Strategies that reduce volatility give investors a better chance of staying on track with their investment goals without panicking. This increases the probability of long-term returns and the likelihood of achieving goals, as “time on the market” often exceeds “market timing.” The obvious caveat is that investments must be sound to begin with and not speculative.
Cushion against volatility
An asset allocation-driven investment approach can also help you decide how to handle your portfolio during turbulent times. In behavioral finance, there are many examples of investors rushing to add to their portfolios when the market is rising and running to cover when the market is falling. When you use your asset allocation as a yardstick, it becomes a float to hold on to when times get tough. Let me explain this with an example.

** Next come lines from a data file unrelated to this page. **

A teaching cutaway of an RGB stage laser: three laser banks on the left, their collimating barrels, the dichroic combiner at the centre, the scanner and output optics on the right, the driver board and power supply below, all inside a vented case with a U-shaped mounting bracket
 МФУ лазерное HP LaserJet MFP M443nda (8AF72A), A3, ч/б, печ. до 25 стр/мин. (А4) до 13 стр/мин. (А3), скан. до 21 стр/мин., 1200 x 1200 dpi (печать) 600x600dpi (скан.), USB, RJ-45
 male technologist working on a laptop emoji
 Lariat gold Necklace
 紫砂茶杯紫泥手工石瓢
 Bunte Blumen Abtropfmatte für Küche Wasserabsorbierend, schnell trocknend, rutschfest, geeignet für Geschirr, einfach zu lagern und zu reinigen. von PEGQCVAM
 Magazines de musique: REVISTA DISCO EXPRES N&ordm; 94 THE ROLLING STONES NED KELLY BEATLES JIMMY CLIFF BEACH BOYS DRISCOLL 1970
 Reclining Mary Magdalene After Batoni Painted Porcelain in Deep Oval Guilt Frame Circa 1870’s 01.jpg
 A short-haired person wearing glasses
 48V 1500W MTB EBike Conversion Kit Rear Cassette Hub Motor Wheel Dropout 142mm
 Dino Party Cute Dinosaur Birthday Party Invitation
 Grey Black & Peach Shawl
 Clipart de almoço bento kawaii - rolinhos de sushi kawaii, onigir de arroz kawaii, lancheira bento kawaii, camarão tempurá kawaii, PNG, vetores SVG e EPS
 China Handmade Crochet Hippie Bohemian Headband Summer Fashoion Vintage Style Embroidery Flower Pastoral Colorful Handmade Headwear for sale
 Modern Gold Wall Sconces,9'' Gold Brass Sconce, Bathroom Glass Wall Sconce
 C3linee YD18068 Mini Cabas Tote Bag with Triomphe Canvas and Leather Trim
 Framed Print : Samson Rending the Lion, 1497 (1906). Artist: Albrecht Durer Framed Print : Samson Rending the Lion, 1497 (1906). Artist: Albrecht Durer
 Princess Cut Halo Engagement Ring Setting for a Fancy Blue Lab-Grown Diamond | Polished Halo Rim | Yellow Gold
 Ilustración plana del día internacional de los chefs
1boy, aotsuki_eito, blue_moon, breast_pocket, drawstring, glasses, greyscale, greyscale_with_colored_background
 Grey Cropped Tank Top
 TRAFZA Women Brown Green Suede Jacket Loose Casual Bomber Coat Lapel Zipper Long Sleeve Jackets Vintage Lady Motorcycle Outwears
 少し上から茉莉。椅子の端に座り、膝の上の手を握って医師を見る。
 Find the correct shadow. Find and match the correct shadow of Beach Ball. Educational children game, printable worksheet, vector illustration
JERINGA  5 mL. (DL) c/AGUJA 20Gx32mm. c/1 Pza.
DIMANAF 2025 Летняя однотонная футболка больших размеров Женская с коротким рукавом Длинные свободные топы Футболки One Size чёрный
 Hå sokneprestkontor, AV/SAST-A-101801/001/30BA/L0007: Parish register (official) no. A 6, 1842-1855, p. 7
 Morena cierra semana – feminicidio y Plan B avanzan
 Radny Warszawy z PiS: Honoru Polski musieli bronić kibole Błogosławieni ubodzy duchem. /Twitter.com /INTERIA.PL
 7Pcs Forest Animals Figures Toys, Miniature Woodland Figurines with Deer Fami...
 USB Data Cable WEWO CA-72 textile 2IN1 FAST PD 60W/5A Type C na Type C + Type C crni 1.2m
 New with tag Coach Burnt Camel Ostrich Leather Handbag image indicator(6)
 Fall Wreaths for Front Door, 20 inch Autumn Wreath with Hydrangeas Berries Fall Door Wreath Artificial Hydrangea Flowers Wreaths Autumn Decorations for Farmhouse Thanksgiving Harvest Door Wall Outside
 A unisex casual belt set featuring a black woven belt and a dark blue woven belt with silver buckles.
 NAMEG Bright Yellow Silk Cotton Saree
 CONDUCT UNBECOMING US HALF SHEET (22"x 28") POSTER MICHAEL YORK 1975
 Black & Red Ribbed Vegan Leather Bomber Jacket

Suppose an investor decides that the appropriate equity allocation level for her is 60 percent. If the stock market starts to rise rapidly (compared to other asset classes), your allocation will quickly go awry and market movements will push your stock weight to, say, 70%.
The asset allocator tells us whether we should pause and take a profit and return the allocation to the desired 60 percent (as per our example), or ignore the trigger and continue with the 70 percent equity allocation. Force you to decide if you need to.
You may choose to remain overweight in stocks, but it needs to be a considered decision and not just a greedy or peer-driven move. Like Abhimanyu, you won't be stuck where you enter. chakra view Even if you make a profit in the market, you don't know when or how to exit.
Similarly, when the market falls, the first impulse may be to book losses and tighten the bolt, but asset allocators may be flashing that there could be a big bargain. , all incremental investments or reallocations should favor equities. Other fundamental factors are favorable. This tool is equally applicable to all asset classes.
In the current environment, with general elections around the corner, multiple geopolitical hotspots, inflation still out of control for the world's central bankers, and other key factors in the balance, which It is difficult to predict which market narrative and direction will prevail. In the short term.
In these turbulent times, asset allocation becomes even more valuable in steering and decision-making.